Tuesday, February 10, 2009

Freely Thinking on Housing and Bush or Brush Fires in the USA and Australia

Freely Thinking on Housing and Bush or Brush Fires in the USA and Australia

“Once a house is built, it has to protect its occupants and not them protecting the house.”

Could someone tell me why the entire wild brush or bush fires are ever concentrated in California and Australia? Africa that is clad with bush and jungles and has got climatic similarities with Australia and California do not cry like this every year. Have the inhabitants of these regions ever heard of clearing fire paths every spring? That is done in Europe and by most African villages and they do not “cry of fire again” every year with the lost of several lives, properties and livestock.

Have peoples in these regions ever thought of having sprinklers surrounding their properties so that in the event of fire out break being fanned by the wind they could be turned on? Have they ever considered building fire proofed houses? Is there any reason why Californians and Australians should use wood for construction when they could use concrete and tiles instead of shingles for their roofing? These are fire proofed materials. Is there any reason why people build in isolations in wooded or bush areas when they know that their homes are flammable? Is there any reason why California whose climate is not inclement should build like those person up in the north where there are extremes of temperatures? People are better off using local materials in their areas for construction as that is the way nature distributes resources and would protect those who make good use of them.

Do you ever hear the French and Swiss and British crying of massive fires as in America and California above all yearly? Do you hear these cases in Brazil? Why is it that it only affects those areas peopled by Anglo-Saxons who left Europe and have thrown away their tradition of building solid fire proofed houses? Why is it that it affects the affluent societies and not the poor? One person told me that constructing fire proofed houses in North America would be so expensive that no one would be able to afford them. Why is it that the haves build them? Most high rising penthouses are fire proofed and these are mostly afforded by the very rich.

The irony is that in countries like Zimbabwe and South Africa that are poorer, fire proofed houses are mandatory and they even have concrete tiles and concrete walls that are impenetrable by the most violent of bush fires. This goes with houses in the Middle East particularly in Israel where a mortar could set houses on fire at any given time. Do North Americans and Australians have to wage a war with some Moslem fundamentalists before they could change their designs and construction of houses that could withstand fire and other natural hazards?

In a country like Zimbabwe, steel roofing is cheaper than wood and no amount of fire could burn them down. Besides they use concrete tiles that could be copied by all around the world. Sand is so plentiful and Africans could set up industries to produce such material from the Sahara and Namib deserts sand for export. Dry walls could be replaced by concrete walls. These are feasible but one person has to start. We are tired of hearing death caused by bush or electric fires or lightning every year. Are you not tired? You should if you are human and care for others.
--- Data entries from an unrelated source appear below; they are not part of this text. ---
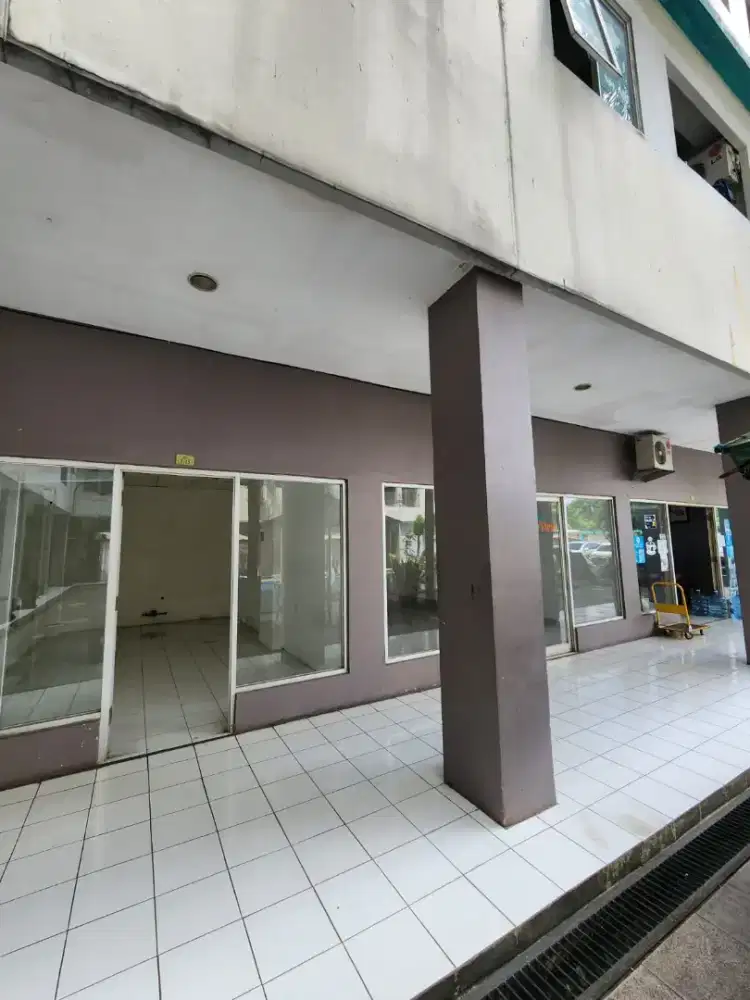 Jual barter mobil dgn kios apartment skyview serpong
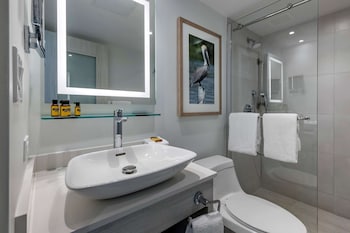 Room, 2 Queen Beds, Ocean View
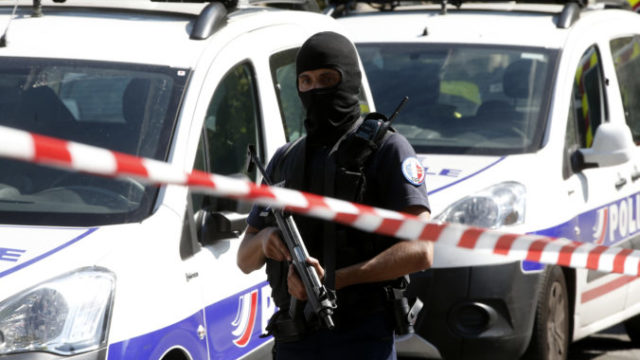 370737_france_police_operation_06057 a6ed3fecbe534575b57d04d5c30b6656 676x451.jpg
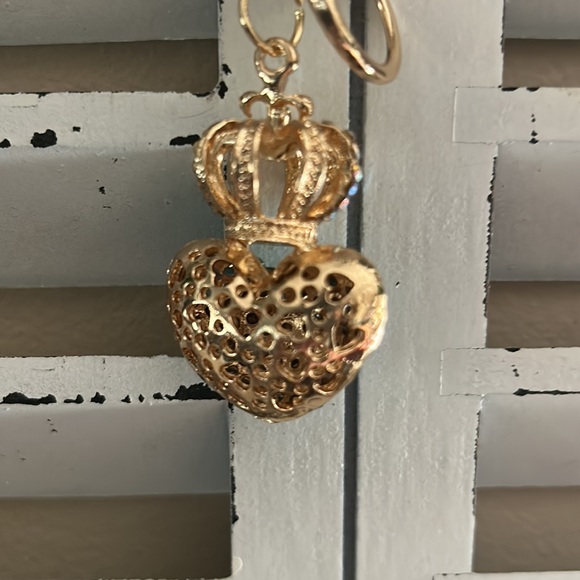Turquoise Blingy Heart & Crown Keychain - Picture 3 of 3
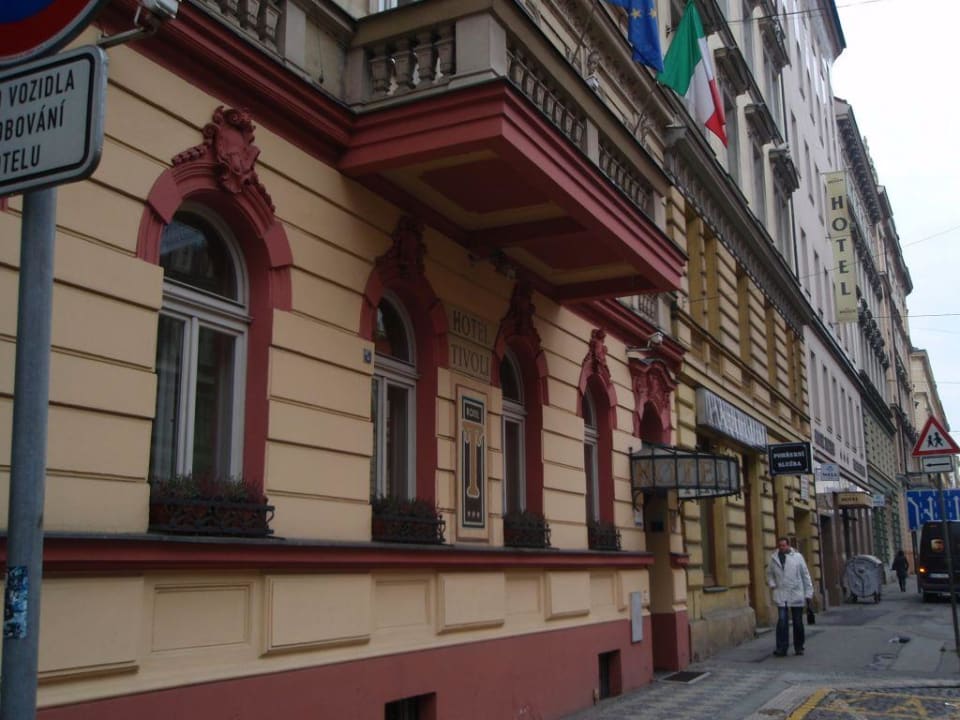 Aussenansicht Hotel Tivoli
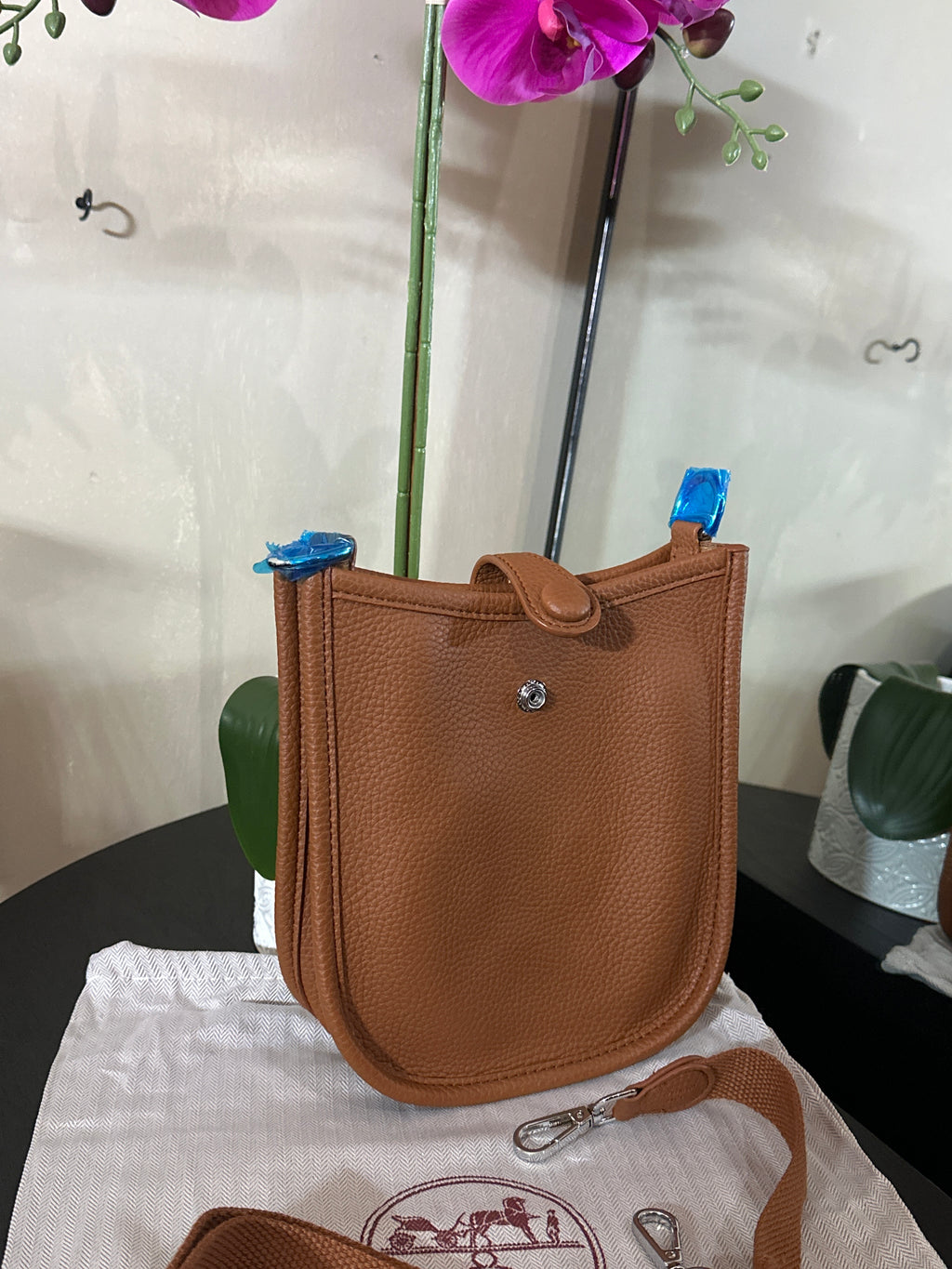 Hermes 16 Evelyn brown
This may not be the case with others. I hear conservatives shaking their heads that my comments could put a dent in the pickets of Rona, Rena, Home Depots and other suppliers of flimsy housing materials in North American building industries. Could regions like Australia and North America not copy traditional houses in New Zealand, Austria, Italy, Southern Africa etc.? I do not mean shacks that sprawl the suburbia of Johannesburg and Cape Town. That should be a shame of the African successive African governments that took over from the racist Caucasian apartheid regimes.

When people talk of houses in North America you will think of solid concrete or brick or stone houses, the sorts of houses you will fine in the suburb of Enugu, Abuja, Geneva, and Rome, Foncha Street at Bamenda or St. Augustine’s Junction, Kumbo. They look flashy but the majority of them are simply paper walls, clad with flammable plastic materials and timber roofs clad with flammable shingles. The life span of most of these is just only ten years before they start falling apart. That is good for the capitalist economy but are buyers so low and naive that they would not want to get the best out of the money? They do but the building industries are monopolistic and there are fewer options. On account of that, the housing market is not competitive and that is too bad for an apparently developed economy.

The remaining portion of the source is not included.